伊勢神宮は2013年に第62回式年遷宮を迎える。伊勢神宮では20年ごとに社殿の一切の建物を隣りに用意された同じ広さの敷地に交互に造り替え、祭神にお移り願う遷宮が実施される。材木など寝かせる必要もあるのであろう、その準備の行事は8年前の2005年から始まっている。

遷宮は、戦国時代に一時途絶えた時期もあったとはいえ、1300年前の天武、持統天皇の時代から、営々と続いてきた。世界広しといえどもこんなに長く続いた大行事はおそらく無いであろう。20年ごとに社殿が新しくなるということは建築技術が確実に次の世代に引き継がれていくことを意味する。新しく造りかえるのは建物だけではなくて、神様の御装束や神宝も昔通りの方法で新調される。

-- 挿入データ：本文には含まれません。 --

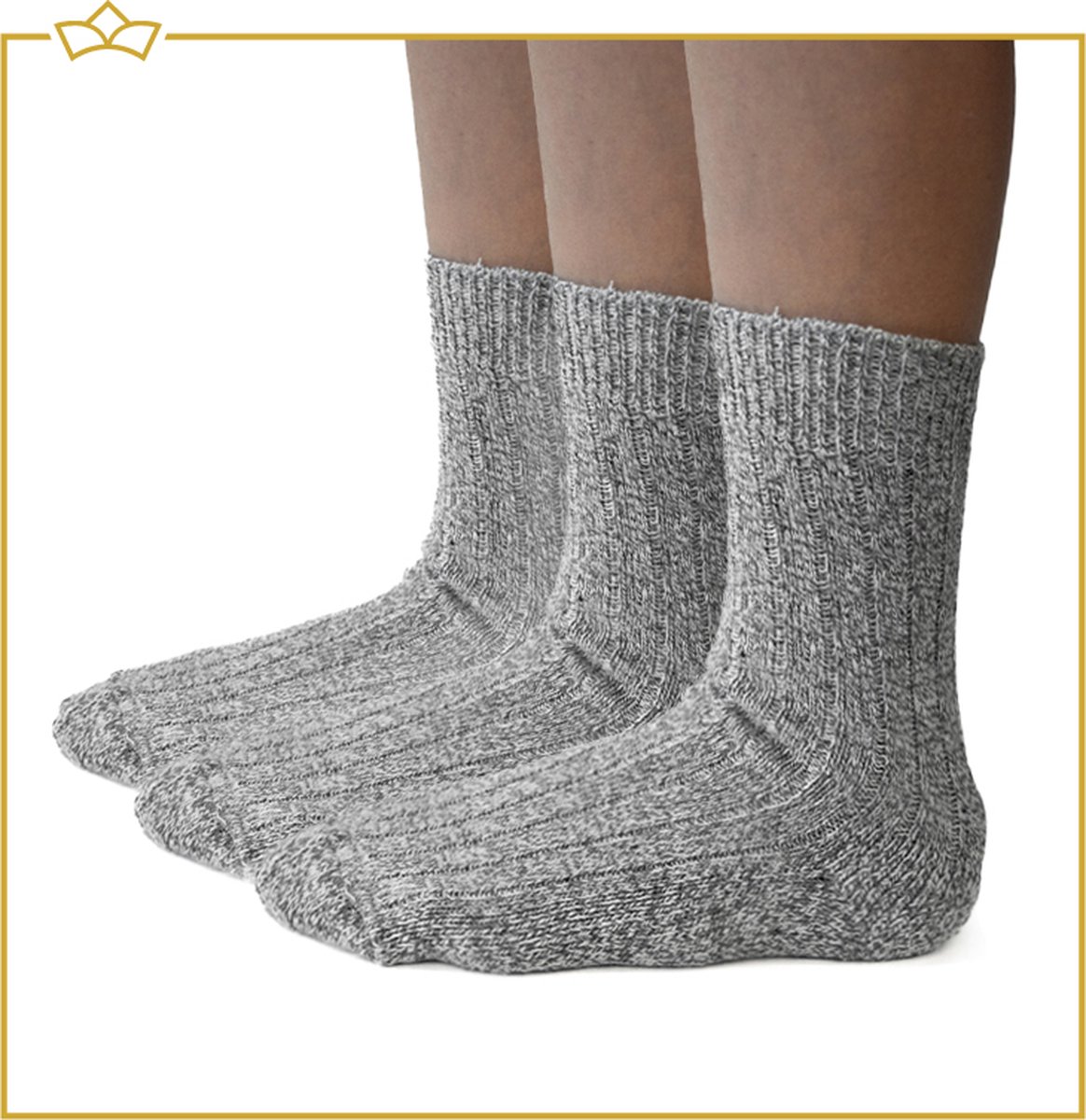 ATTREZZO® Sokken - Noorse Sokken - 3 paar - Wol - Nordic Socks - Grijs - maat 39-42
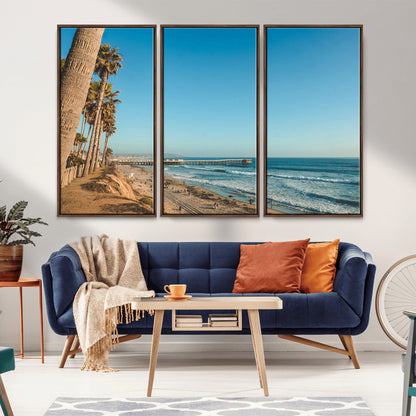 92568259-MGV-CV-36X24-California Beach Wall Art – Palm Tree Pier Canvas Print, Coastal Ocean Photography Seaside Decor for Living Room, Bedroom, Office,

伝統を変えない頑固さはもとより、1000年以上前にこれだけ高度な技術がすでに確立していたことに我々は驚かざるをえない。技術的に無かったのは、おそらく大量生産の技術ぐらいであろう。遷宮が無ければとっくの昔に消えていた技術も多いと思う。

伊勢神宮に参拝するのは何度目であろうか。最初は大学時代に大和、奈良の旅の途中に寄った。あの時も遷宮の行事が進められているときであった。今の前の前の第60回の式年遷宮である。あれからもう40年も経つ。途中何度か参詣したはずであるが、この20年くらいは訪れる機会がなかった。


(伊勢神宮参道の巨木)

五十鈴川に掛かる宇治橋を渡り、五十鈴川の禊場まで出て、神宮の森の中を内宮に進む。久し振りの参拝に感じたことは、森の樹木がどれもこれも太くなっていることである。樹木は生きているから毎日毎年太くなっている。40年という年数は、一年に5ミリメートル太くなっていくと計算すると、0.5×2×3で、一年に3センチメートル幹周りが太くなっている計算になる。10年で30センチメートル、40年では実に1.2メートル太くなっている。40年前に幹周りが2メートルだった杉の木は今では3.2メートルの巨木に成長していることになる。だから、参道の両側に巨木が林立している状況になったわけである。樹木の成長の話は書き込むのが初めてではない。久し振りに訪ねて木々が巨木に成長したのを目にするたびに思うことである。

以上で10回にわたった「那智の旅」を終わりにする。久し振りに古い神々の世界に遊んだ二日間であった。